Una de las elecciones municipales que despertaba más interés, el 26 de mayo pasado, era la de la ciudad de Barcelona. Competían tres modelos en disputa: el de la aún alcaldesa de Barcelona en Comú, Ada Colau, estandarte (junto a Manuela Carmena, en Madrid) de las denominadas ciudades del cambio, encaramadas al poder como herederas del movimiento 15M; el del independentismo, que había planteado la conquista de Barcelona como un factor estratégico, para llevar adelante su proyecto secesionista y, finalmente, el del constitucionalismo, que parecía estar liderado por el ex primer ministro francés nacido en Barcelona, Manuel Valls, que se presentó a los comicios con una plataforma electoral propia, asociada a Ciudadanos.

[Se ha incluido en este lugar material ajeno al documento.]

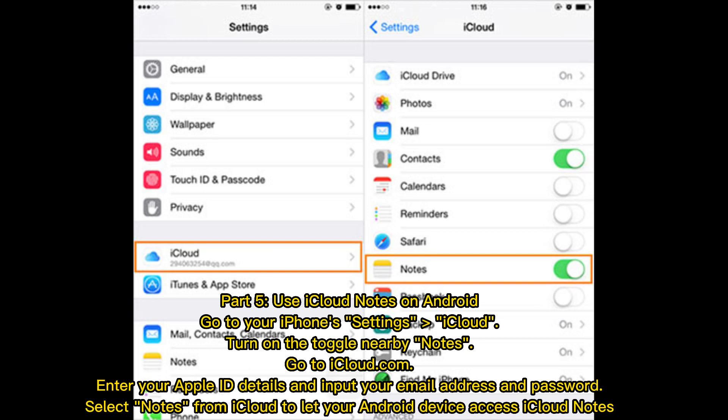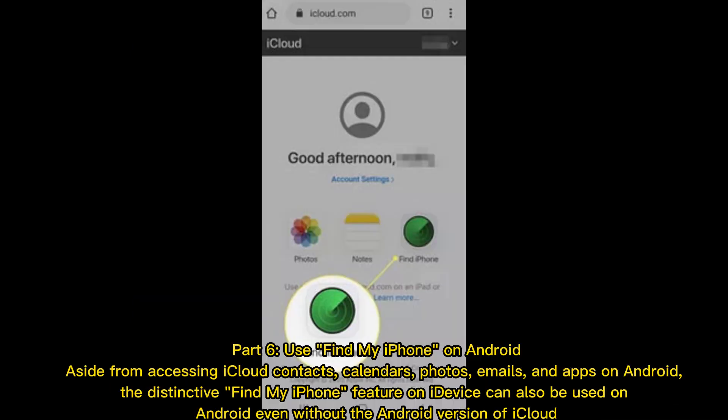Part 5: Use iCloud notes on Android. Go to your iPhone settings, iCloud, turn on the toggle nearby notes. Go to iCloud.com, enter your Apple ID details and input your email address and password. Select notes from iCloud to let your Android device access iCloud notes.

Pues bien, los resultados no han podido ser más endiablados. Por primera vez desde la IIª República, Esquerra Republicana de Catalunya (liderada por el histórico exdirigente socialista Ernest Maragall) se hacía con la victoria, pero con tan solo 5.000 votos de ventaja sobre Colau. Con un independentismo sin mayoría (a diferencia del resto de Cataluña, donde mejora respecto a 2015), el aparentemente derrotado Manuel Valls (con solo 6 concejales, de 41) ha protagonizado una jugada audaz y de alcance europeo: estaría dispuesto a apoyar la constitución de un gobierno municipal liderado por Colau y el socialista Jaume Collboni sin contrapartidas, para que Barcelona no caiga en manos del secesionismo (que ya controla Girona y Lleida y tiene opciones de hacerlo en Tarragona).

Todo queda pues en manos de Colau, que se muestra ambigua, pese a priorizar un gobierno de izquierdas entre su formación, ERC y los socialistas. De cómo termine este asunto (el 15 de junio, fecha de constitución del consistorio, lo sabremos) puede depender, en parte, la evolución del conflicto planteado en Cataluña.